What is being asked - Word for word, restate the lines from the one containing "1pc Christmas Gift" through the last line of the material, and include no pictures.

Source material -
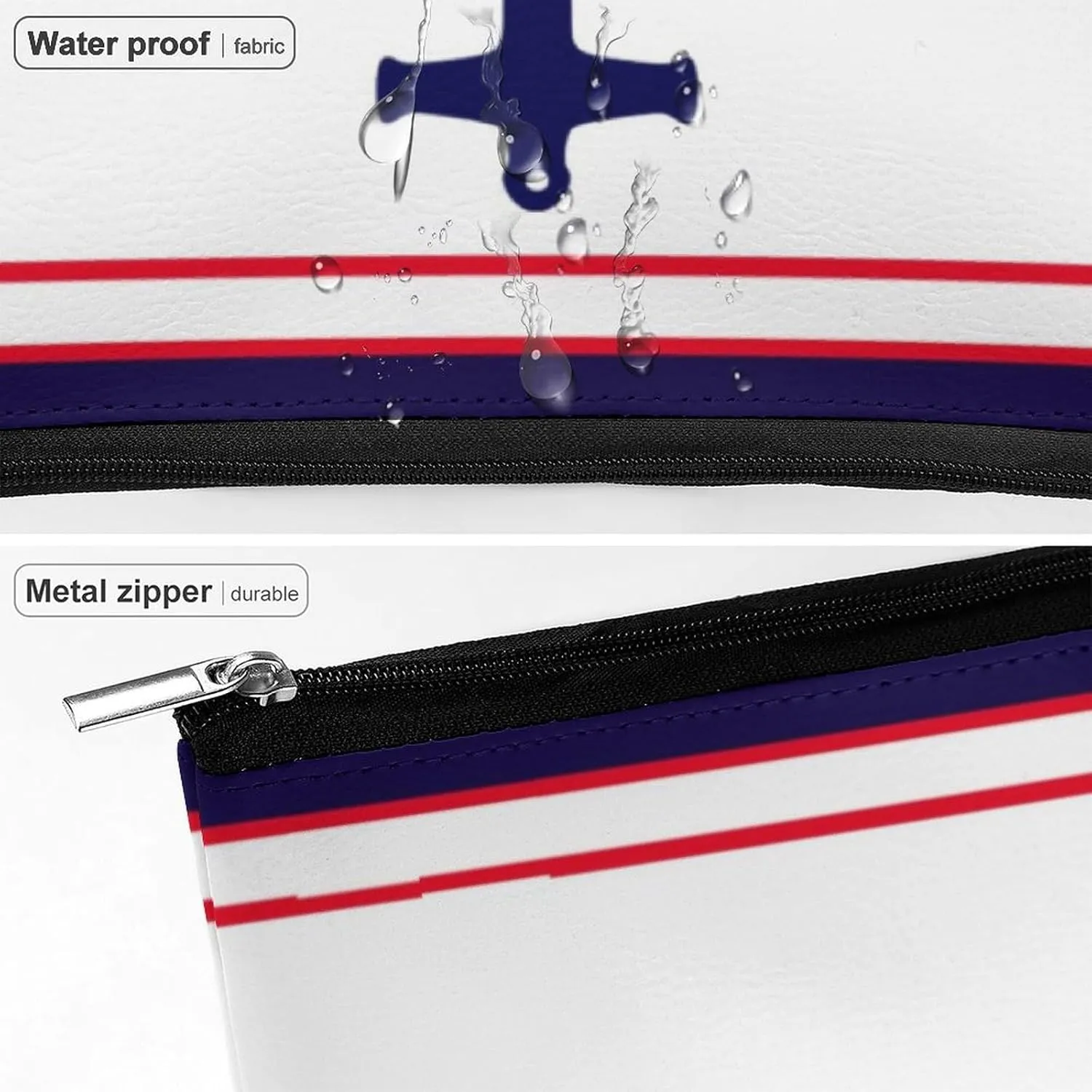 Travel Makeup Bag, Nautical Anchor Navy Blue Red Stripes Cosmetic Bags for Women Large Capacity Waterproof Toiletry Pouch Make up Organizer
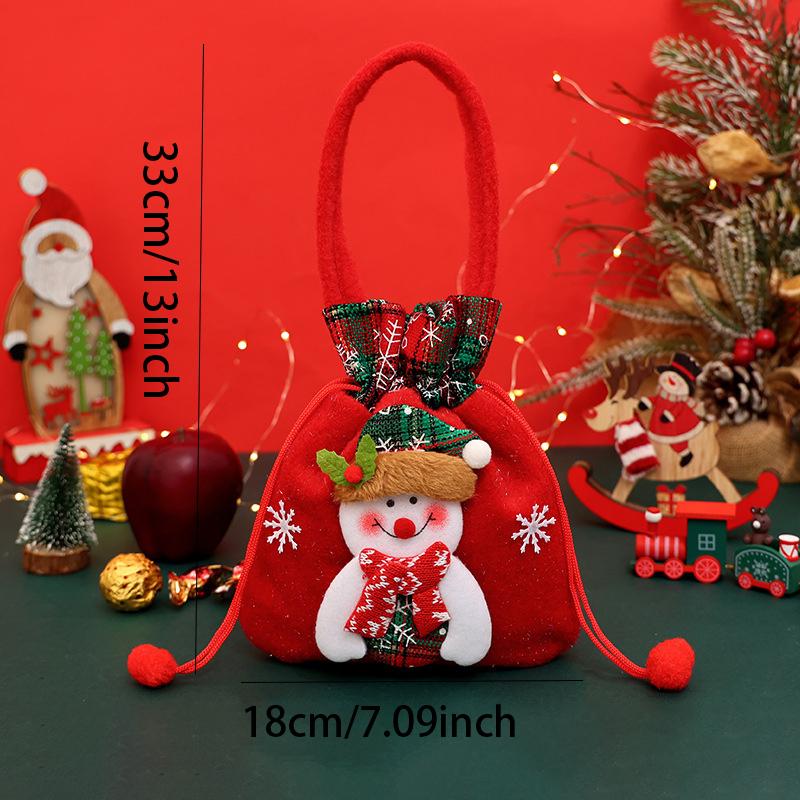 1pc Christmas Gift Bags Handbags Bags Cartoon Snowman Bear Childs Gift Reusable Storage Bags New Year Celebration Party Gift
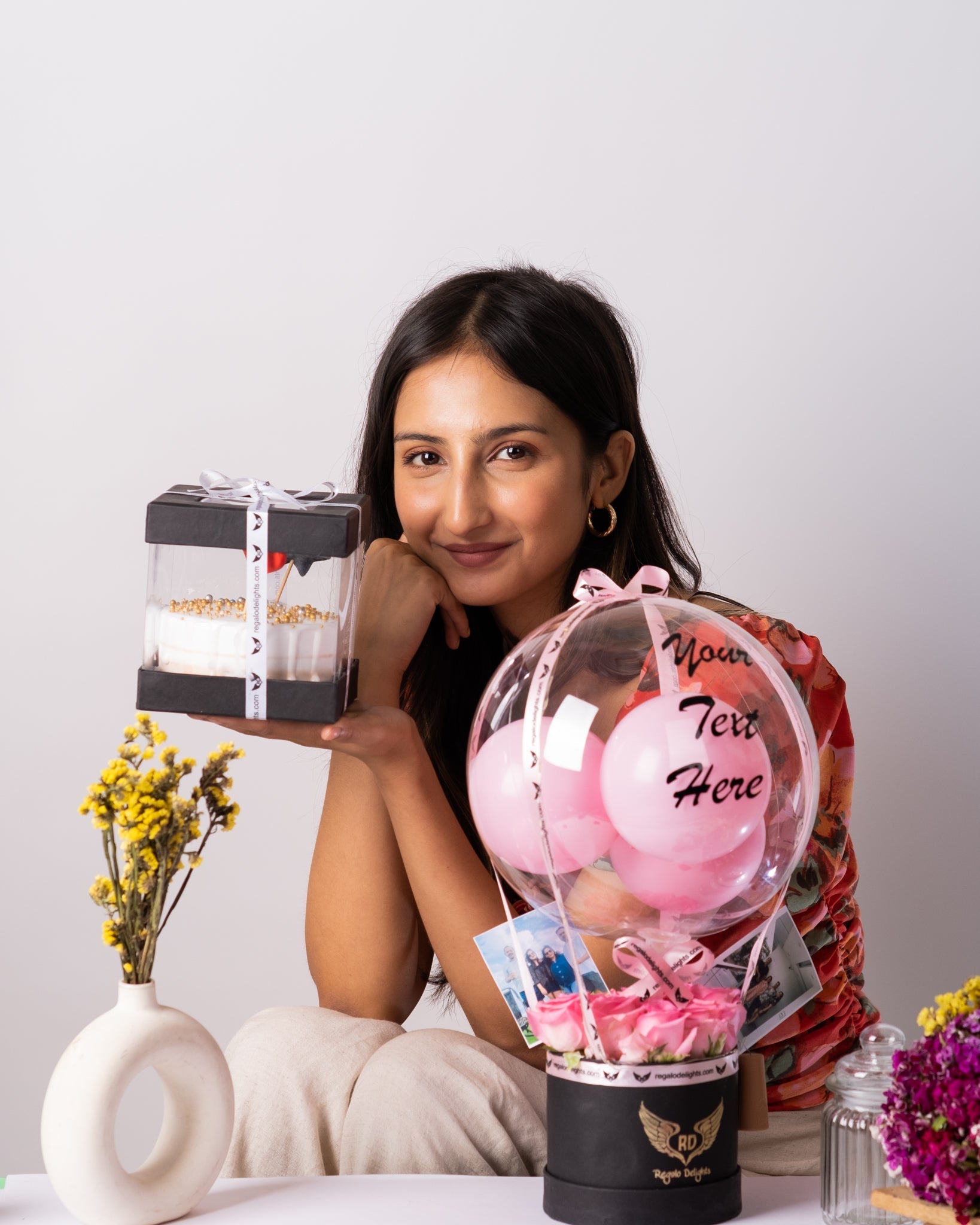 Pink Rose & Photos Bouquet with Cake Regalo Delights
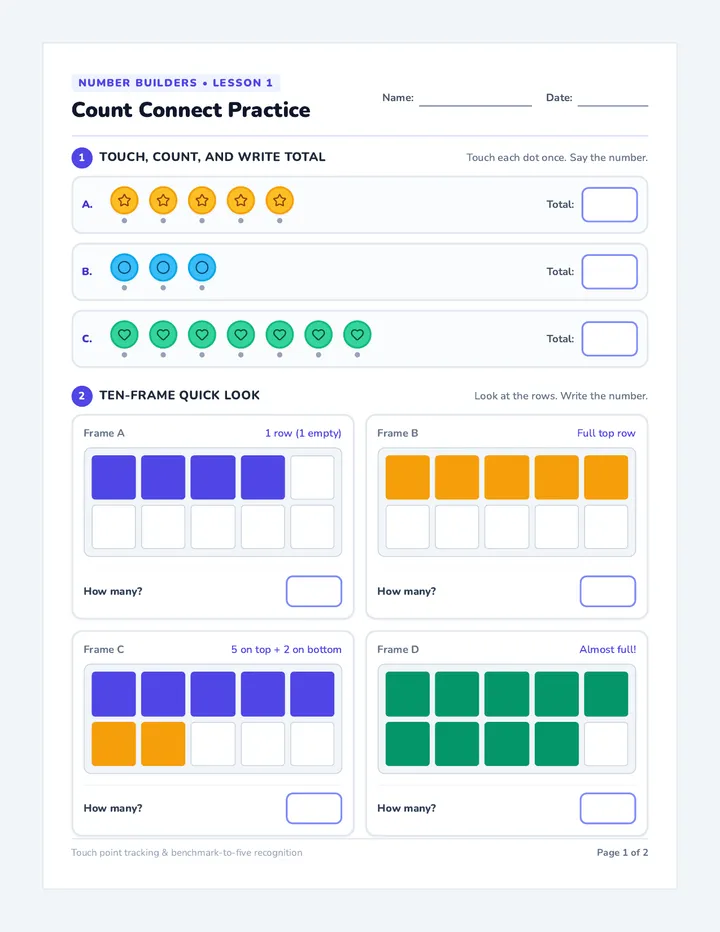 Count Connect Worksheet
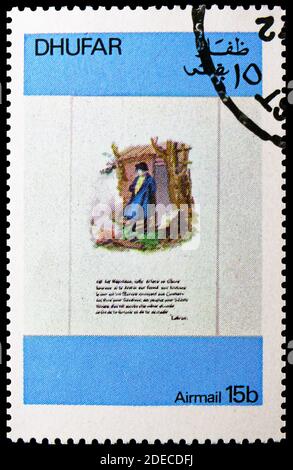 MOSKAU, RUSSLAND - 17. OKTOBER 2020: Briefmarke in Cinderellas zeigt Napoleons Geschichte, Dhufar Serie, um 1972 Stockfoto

Result below -
 1pc Christmas Gift Bags Handbags Bags Cartoon Snowman Bear Childs Gift Reusable Storage Bags New Year Celebration Party Gift
 Pink Rose & Photos Bouquet with Cake Regalo Delights
 Count Connect Worksheet
 MOSKAU, RUSSLAND - 17. OKTOBER 2020: Briefmarke in Cinderellas zeigt Napoleons Geschichte, Dhufar Serie, um 1972 Stockfoto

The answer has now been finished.